# Urban skill progression?



## Stalk (May 24, 2005)

Great newly reopened forum. 

Through the rainy winter I decided to start learning stuff on the parking lot, so here is question: What "right" or "left" or "best" or "good" progression in the skills for the Urban riding?


----------



## coma13 (Sep 3, 2005)

What the hell are you talking about?


----------



## PCinSC (Oct 25, 2005)

coma13 said:


> What the hell are you talking about?


LOL. That was my first thought also. Maybe he meant to say "easy" to "difficult"?

Patrick


----------



## Epschoenly (Jan 25, 2006)

Well in terms of skills for urban, I don't have a ton of experience(Im 17, and have been riding liek maybe 3-4months "urban"), but I find that the most enabling thing is a bunnyhop, there are numerous places to get technique on this but, the way i like to practise is i started off doing gaps over small grassy areas or a drainage ditch, and then got a 1x6 and started hopping it, not I have a cinder block etc. 
I imagine that it would be next would be manuals, cant help you there I stink, and another thing is going to like a skate park one night and just sorta seeing where the skaters skate and kinda run their lines. Just kinda do what you want.... I like to hit as many drops/stairs around town as possible they really build offroad confidence, I moved to this after hopping)

Hope that's helpful.


----------



## i like downhill (May 15, 2004)

just practice your bunny hops. thats the most important thing you can do.


----------



## inkdwheels (Apr 14, 2005)

Bunnyhops, manuals, 180's. All good places to start. Whatever you do don't become a park/dj rat. I know guys who can ride the park all day or clear big doubles, but can't bunnyhop a 2 foot ledge. Practice is key. Being comfortable with your weight over the rear wheel will open the doors for abubacas, tail taps, bunny hops to manuals, etc.


----------



## standard235 (Jul 23, 2005)

I can damn near 180 on flat ground after practicing for a lil bit. Bunny hop over decent sized stuff (30") and manuals and fufanus and abubucas. Fufanus are kinda easy though...


----------



## Epschoenly (Jan 25, 2006)

Alright you guys, this is a question for those who can bunnyhop 30'', I can get like six or so and maybe a little more if im hopping onto something, so do you guys have any like tricks you use when hopping to get all that air?


----------



## inkdwheels (Apr 14, 2005)

you've gotta get your front wheel higher than the object you are jumping over. Then boost and bring the back of the bike up. Lower your seat (if it isn't already) so that it doesn't smack you in the a$$. Spot your landing. ou can also use your suspension to ge your front wheel higher, but that can be unstable at times


----------



## standard235 (Jul 23, 2005)

I can usually only bunnyhop like a foot but I can get onto stuff over 2 ft tall...


----------



## i like downhill (May 15, 2004)

yea my highest ive hopped OVER something was around 2' 8" (not a ledge). but when you are bunny hopping up onto ledges get your front wheen on first then use it for leverage to boost up your rear wheel. heres a random pic of me riding a fun wall thingy last night.


----------



## zerossix (Jul 25, 2004)

practice practice practice ride your bike and practice. ride everything you see at first. bunny hop every curb and every little obstacle on the side walk while yoru riding along. then your bunny hop willg et big quick then you can get real creative and start really having some fun. the biggest thign i think, aside from practice, is being comfortable on yoru bike/getting used to your bike. i used to be able to bunny hop my total xc built stumpjumper a good 2 feet consitently now i cant get it off the ground. but i can get my stp (that i ride everyday and jump over everythign i see) over 3 feet.

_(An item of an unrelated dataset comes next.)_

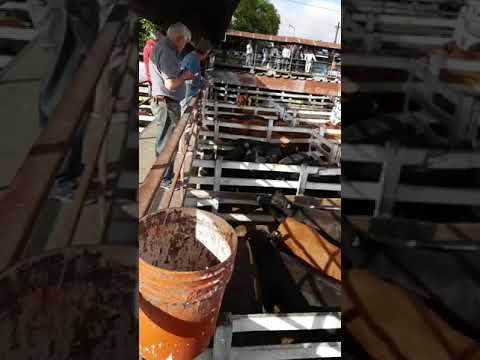 DE FRENTE AL CAMPO junto a BRANDEMANN CONSIGANTARIA SRL- LINIERS 2017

learn how to manual and stuff at the same time. abubacas are sweet too but your gunna pop alot of tubes and destroy your basguard/chainring but yeah your'll get better.

just ride yoru bike thats the absolute most important thing and yeah you'll start getting creative and learning new stuff.


----------



## bedheadben (Jan 30, 2006)

good advice


----------



## borry (Nov 7, 2005)

hey guys, this is all good advice and i thank you all.

(Not trying to hijack)

I use my stock Norco Sasquatch ('06) for Urban because thats my one and only bike... and i love it (its also my commuter).

I have just started bunnyhopping last week and i can hop about 5" (i know, nothing compared to you guys) but practice is the key...

Just 1 Question.

Can my SasQ handle about 2 ft to flat (ive done 4' 8" drop) on concrete?
As there is a nice gap from a ledge over some shrubs to flat which i have been keen to try... 


Thanks guys... keep this thread goin', good for everyone.

Laurence


----------



## PCinSC (Oct 25, 2005)

borry said:


> Can my SasQ handle about 2 ft to flat (ive done 4' 8" drop) on concrete?
> As there is a nice gap from a ledge over some shrubs to flat which i have been keen to try...


I should hope so, Norco markets that bike as a "shore freeride" bike. I've done 2' to flat (on concrete) on my XC HT (Kona Hoss) lots of times. For reference, I'm a pretty big guy (~255lbs). And haven't had any failures or any problems related to those drops. Drop away, I say.

Patrick

ps. Unless you meant to say 20' to flat concrete. Then I may suggest a beefier bike w/ full suspension (or a padded room to keep you from hurting yourself


----------



## borry (Nov 7, 2005)

PCinSC said:


> I should hope so, Norco markets that bike as a "shore freeride" bike. I've done 2' to flat (on concrete) on my XC HT (Kona Hoss) lots of times. For reference, I'm a pretty big guy (~255lbs). And haven't had any failures or any problems related to those drops. Drop away, I say.
> 
> Patrick
> 
> ps. Unless you meant to say 20' to flat concrete. Then I may suggest a beefier bike w/ full suspension (or a padded room to keep you from hurting yourself


Thanks man. I am hoping the same thing although (like i said previously) i have been doing 4fts to (relatively) flat.

Do you know how much abuse the Alex 22 rims can take? (the stock rims on the 2006 sasquatch)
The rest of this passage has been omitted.